B. B. Conclusions du comité
B. B. Conclusions du comité
- 39. Il paraît tout d'abord ressortir des explications du gouvernement comme des pièces que celui-ci fournit pour les appuyer que te congrès visant à promouvoir un regroupement des deux centrales syndicales croyantes du Cameroun a été organisé, non seulement avec l'accord de ces deux organisations, mais sous leurs auspices mêmes. Il semble par ailleurs que, l'unanimité n'ayant pu se faire sur une union proprement dite des deux centrales, la - majorité des participants se soit alors décidée, constituant le congrès en assemblée générale, à procéder successivement à la dissolution statutaire des organisations existantes et à la création d'une nouvelle et unique organisation. Rien ne donne à penser, au vu des éléments dont dispose le Comité, que le choix de la procédure ou son déroulement ne se soient pas effectués selon des règles démocratiques.
- 40. D'autre part, il paraît bien ressortir des observations gouvernementales - et ceci n'est pas infirmé par les termes de la plainte, au contraire - que les autorités publiques n'ont joué aucun rôle dans les décisions prises, qui semblent donc être le seul fait des travailleurs intéressés, réunis volontairement pour tenter de trouver une solution au problème qui les confrontait. Le gouvernement, en effet, n'est intervenu que pour entériner les décisions prises librement par les travailleurs en recevant dépôt des statuts de la nouvelle organisation.
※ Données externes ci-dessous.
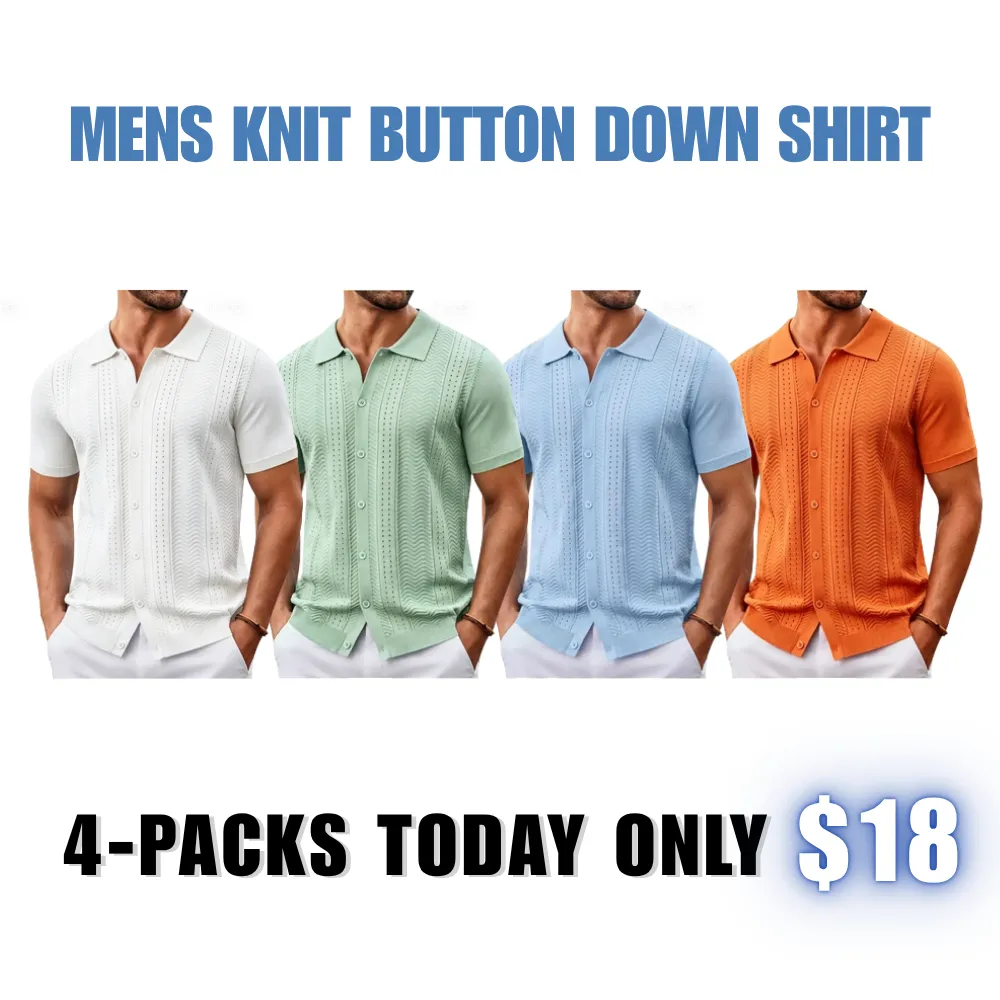 Mens Knit Button Down Shirt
- 41. En ce qui concerne enfin les aspects accessoires de la plainte - expulsion des locaux syndicaux, non-représentation dans les organismes consultatifs -, dès lorsque l'organisation plaignante avait cessé d'exister, de par la volonté même des travailleurs, il paraît évident qu'elle (ou son ex-dirigeant) ne pouvait prétendre conserver des avantages qui, s'ils étaient consentis à une organisation effective, ne pouvaient, par définition, l'être à une entité inexistante.
Recommandation du comité
Recommandation du comité
- 42. Dans ces conditions, estimant que la dissolution de l'organisation plaignante a été décidée volontairement par un congrès régulièrement convoqué par tous les travailleurs intéressés, le Comité considère que ladite dissolution, ou les conséquences qu'elle a entraînées, ne saurait être considérée comme ayant constitué une atteinte aux droits syndicaux et il recommande donc au Conseil d'administration de décider que le cas n'appelle pas de sa part un examen plus approfondi.